## [DATASET RECORDS]

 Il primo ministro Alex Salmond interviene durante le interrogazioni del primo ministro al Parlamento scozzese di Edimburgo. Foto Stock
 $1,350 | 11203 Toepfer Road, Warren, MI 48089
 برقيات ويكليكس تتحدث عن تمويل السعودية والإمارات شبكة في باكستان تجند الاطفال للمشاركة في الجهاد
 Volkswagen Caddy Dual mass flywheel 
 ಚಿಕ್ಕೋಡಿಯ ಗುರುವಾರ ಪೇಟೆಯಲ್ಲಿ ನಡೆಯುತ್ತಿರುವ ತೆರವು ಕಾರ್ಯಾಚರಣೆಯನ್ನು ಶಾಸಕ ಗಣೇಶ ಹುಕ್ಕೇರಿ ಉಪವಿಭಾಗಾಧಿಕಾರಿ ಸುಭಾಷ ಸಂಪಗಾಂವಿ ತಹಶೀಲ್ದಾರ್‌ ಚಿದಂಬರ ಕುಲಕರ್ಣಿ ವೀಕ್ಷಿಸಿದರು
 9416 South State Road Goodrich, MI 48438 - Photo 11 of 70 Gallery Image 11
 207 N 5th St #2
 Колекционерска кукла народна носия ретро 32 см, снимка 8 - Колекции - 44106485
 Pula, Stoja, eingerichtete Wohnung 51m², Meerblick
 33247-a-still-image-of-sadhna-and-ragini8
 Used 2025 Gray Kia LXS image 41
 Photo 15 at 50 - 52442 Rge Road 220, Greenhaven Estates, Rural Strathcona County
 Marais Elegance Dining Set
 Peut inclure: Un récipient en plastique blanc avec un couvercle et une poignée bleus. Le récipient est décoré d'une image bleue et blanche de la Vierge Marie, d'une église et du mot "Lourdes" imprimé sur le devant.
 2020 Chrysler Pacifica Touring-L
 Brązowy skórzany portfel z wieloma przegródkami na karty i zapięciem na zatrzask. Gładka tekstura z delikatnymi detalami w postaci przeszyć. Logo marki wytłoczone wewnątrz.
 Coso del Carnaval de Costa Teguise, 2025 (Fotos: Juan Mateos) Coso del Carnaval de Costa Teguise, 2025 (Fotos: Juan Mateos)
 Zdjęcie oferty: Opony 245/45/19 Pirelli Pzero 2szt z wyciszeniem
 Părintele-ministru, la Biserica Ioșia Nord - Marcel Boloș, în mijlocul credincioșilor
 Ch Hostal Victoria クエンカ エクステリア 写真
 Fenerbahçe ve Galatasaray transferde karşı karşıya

## [DIRECTIONS]
Retype exactly the lines from the one containing "2020 Chrysler Pacifica Touring-L" through the end of the data. Add nothing.

## [EXPECTED OUTPUT]
 2020 Chrysler Pacifica Touring-L
 Brązowy skórzany portfel z wieloma przegródkami na karty i zapięciem na zatrzask. Gładka tekstura z delikatnymi detalami w postaci przeszyć. Logo marki wytłoczone wewnątrz.
 Coso del Carnaval de Costa Teguise, 2025 (Fotos: Juan Mateos) Coso del Carnaval de Costa Teguise, 2025 (Fotos: Juan Mateos)
 Zdjęcie oferty: Opony 245/45/19 Pirelli Pzero 2szt z wyciszeniem
 Părintele-ministru, la Biserica Ioșia Nord - Marcel Boloș, în mijlocul credincioșilor
 Ch Hostal Victoria クエンカ エクステリア 写真
 Fenerbahçe ve Galatasaray transferde karşı karşıya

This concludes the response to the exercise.